TASK STATEMENT >> Could you repeat the entries below exactly, but only from the line with "DanesfieldR's tweet photo." through the line with "Većina frajera voli", and without any picture?

━━━━━ SOURCE INFORMATION

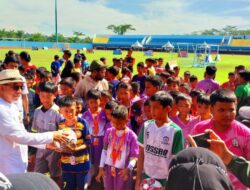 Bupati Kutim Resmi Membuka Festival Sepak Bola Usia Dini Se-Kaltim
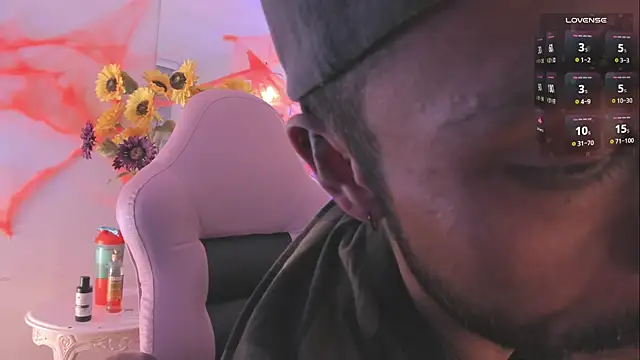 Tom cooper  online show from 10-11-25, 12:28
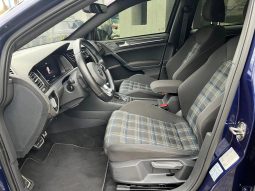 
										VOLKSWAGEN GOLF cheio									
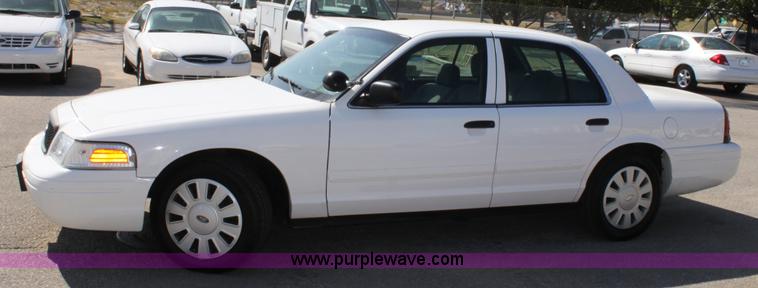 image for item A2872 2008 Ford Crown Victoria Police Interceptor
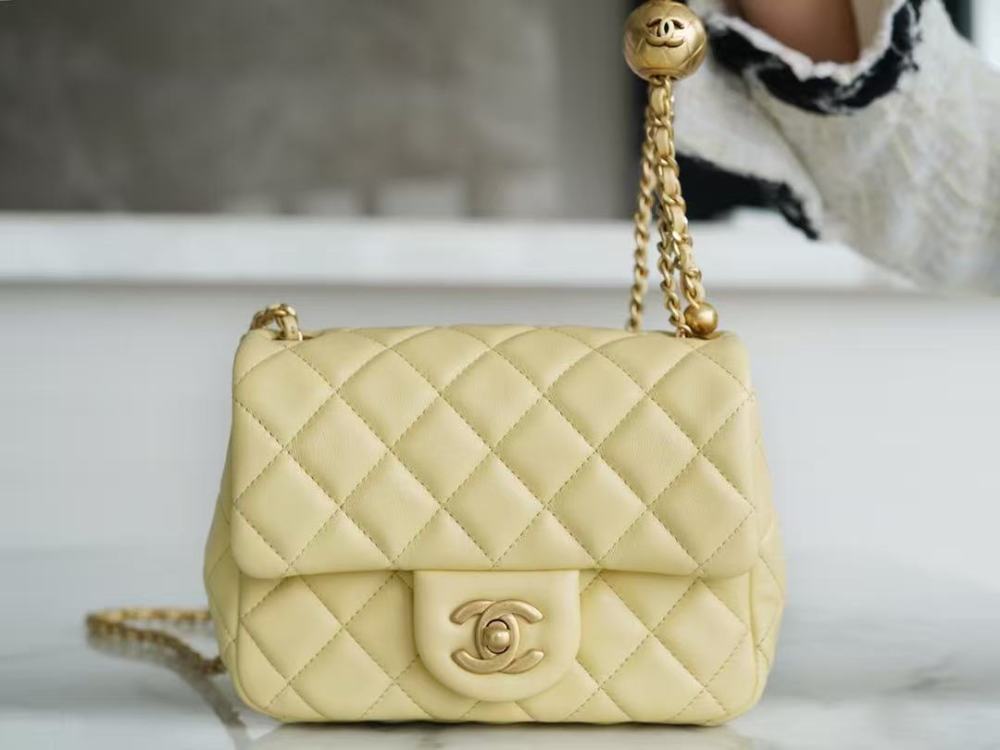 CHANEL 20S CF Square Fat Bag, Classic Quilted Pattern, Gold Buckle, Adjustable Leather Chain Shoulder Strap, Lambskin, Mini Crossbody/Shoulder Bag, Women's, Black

━━━━━━━━━━
━━━━━ SOURCE INFORMATION

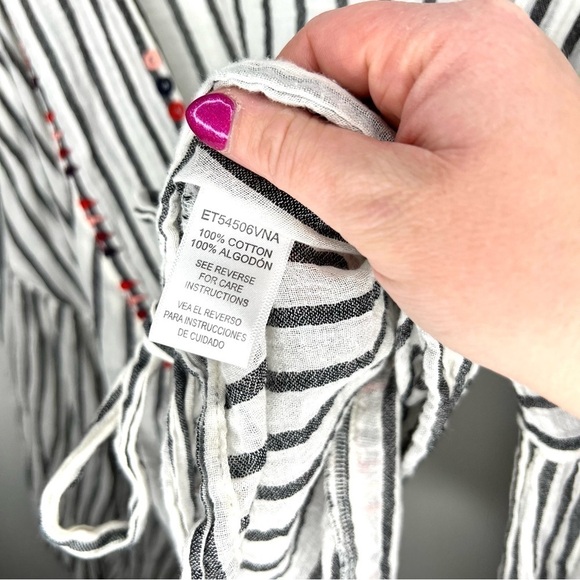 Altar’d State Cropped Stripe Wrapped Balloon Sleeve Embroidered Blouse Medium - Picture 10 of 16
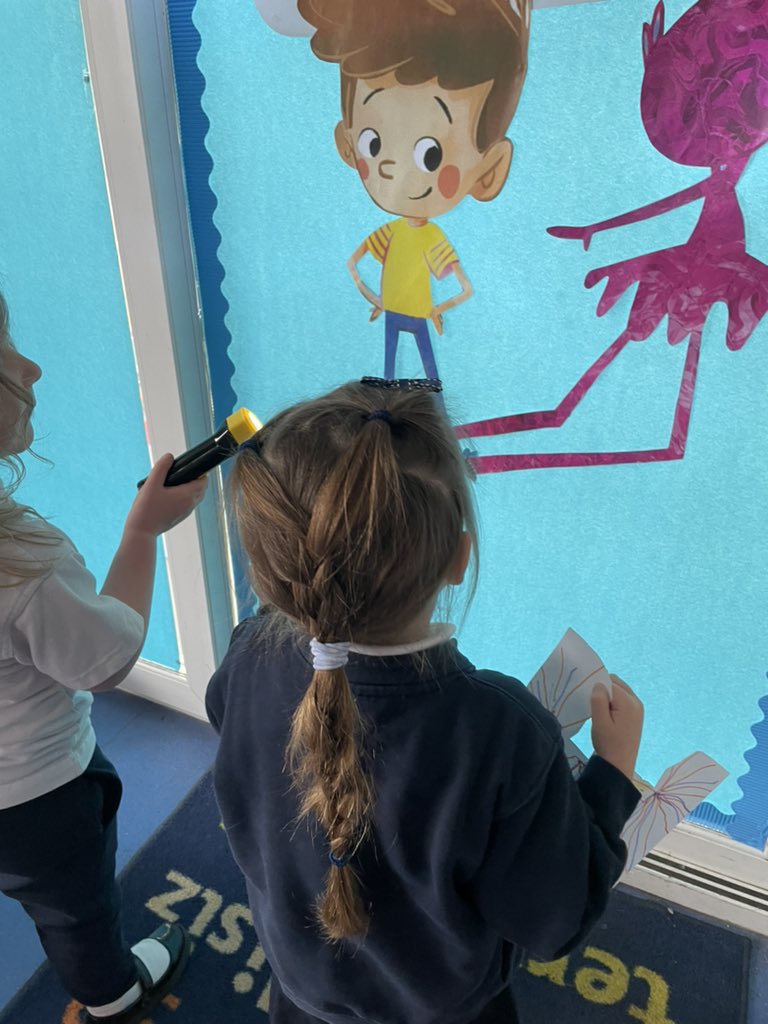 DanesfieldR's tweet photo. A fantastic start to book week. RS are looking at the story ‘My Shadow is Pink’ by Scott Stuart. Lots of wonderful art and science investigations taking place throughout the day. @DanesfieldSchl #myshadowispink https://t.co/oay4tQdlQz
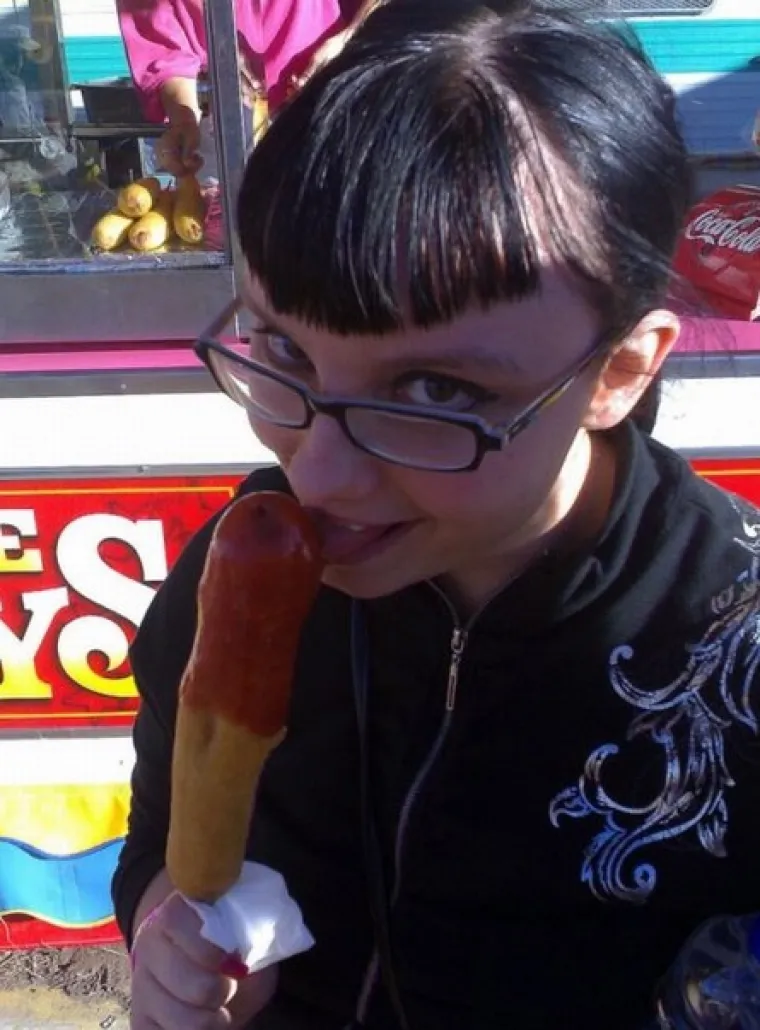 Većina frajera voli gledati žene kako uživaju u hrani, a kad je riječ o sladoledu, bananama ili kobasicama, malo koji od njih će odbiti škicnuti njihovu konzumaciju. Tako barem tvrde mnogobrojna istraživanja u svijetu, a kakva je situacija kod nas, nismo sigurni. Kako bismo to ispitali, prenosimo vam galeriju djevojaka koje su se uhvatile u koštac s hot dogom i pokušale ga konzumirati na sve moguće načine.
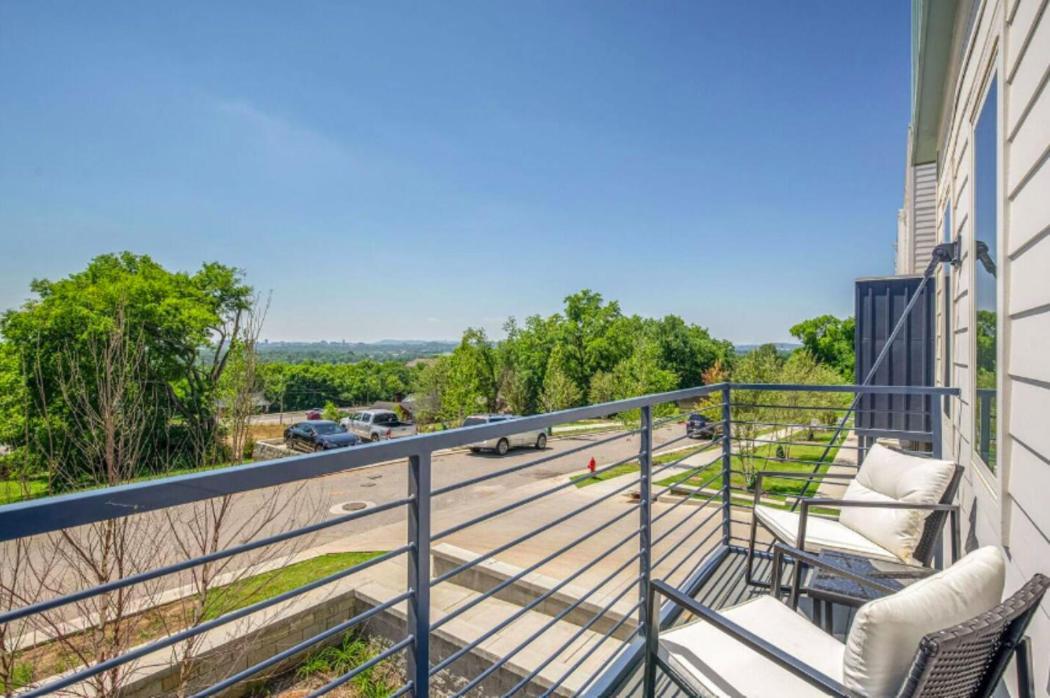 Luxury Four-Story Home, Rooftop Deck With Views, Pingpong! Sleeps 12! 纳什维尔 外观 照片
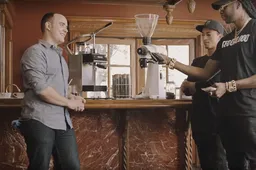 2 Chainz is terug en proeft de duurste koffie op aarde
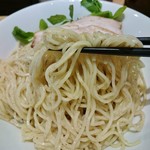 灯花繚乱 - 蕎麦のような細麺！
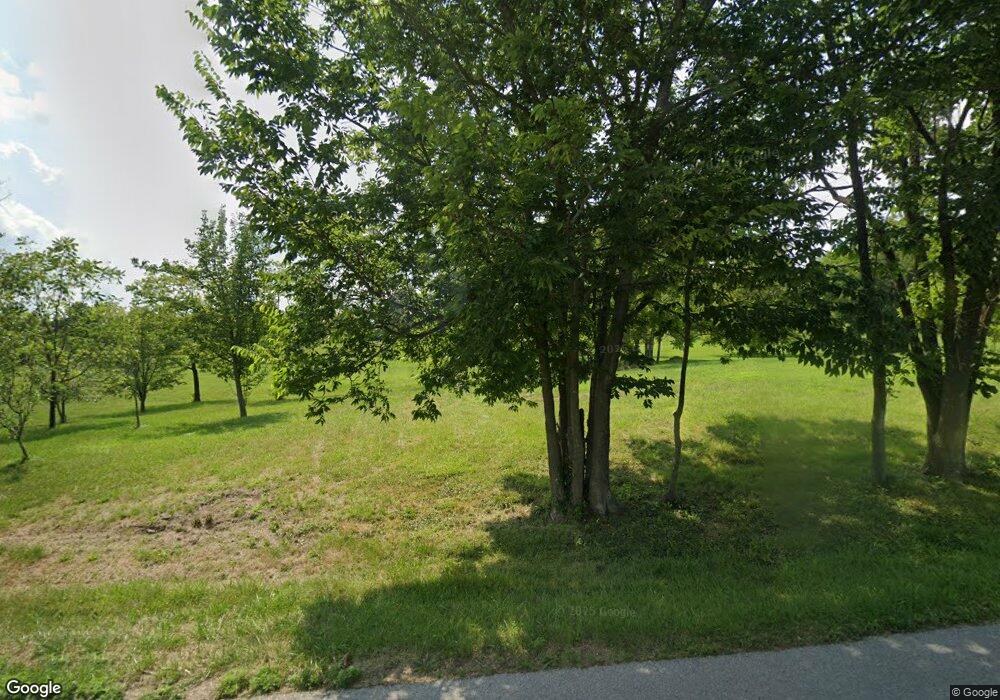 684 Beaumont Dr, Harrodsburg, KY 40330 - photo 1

━━━━━━━━━━

ANSWER BOX >>
 DanesfieldR's tweet photo. A fantastic start to book week. RS are looking at the story ‘My Shadow is Pink’ by Scott Stuart. Lots of wonderful art and science investigations taking place throughout the day. @DanesfieldSchl #myshadowispink https://t.co/oay4tQdlQz
 Većina frajera voli gledati žene kako uživaju u hrani, a kad je riječ o sladoledu, bananama ili kobasicama, malo koji od njih će odbiti škicnuti njihovu konzumaciju. Tako barem tvrde mnogobrojna istraživanja u svijetu, a kakva je situacija kod nas, nismo sigurni. Kako bismo to ispitali, prenosimo vam galeriju djevojaka koje su se uhvatile u koštac s hot dogom i pokušale ga konzumirati na sve moguće načine.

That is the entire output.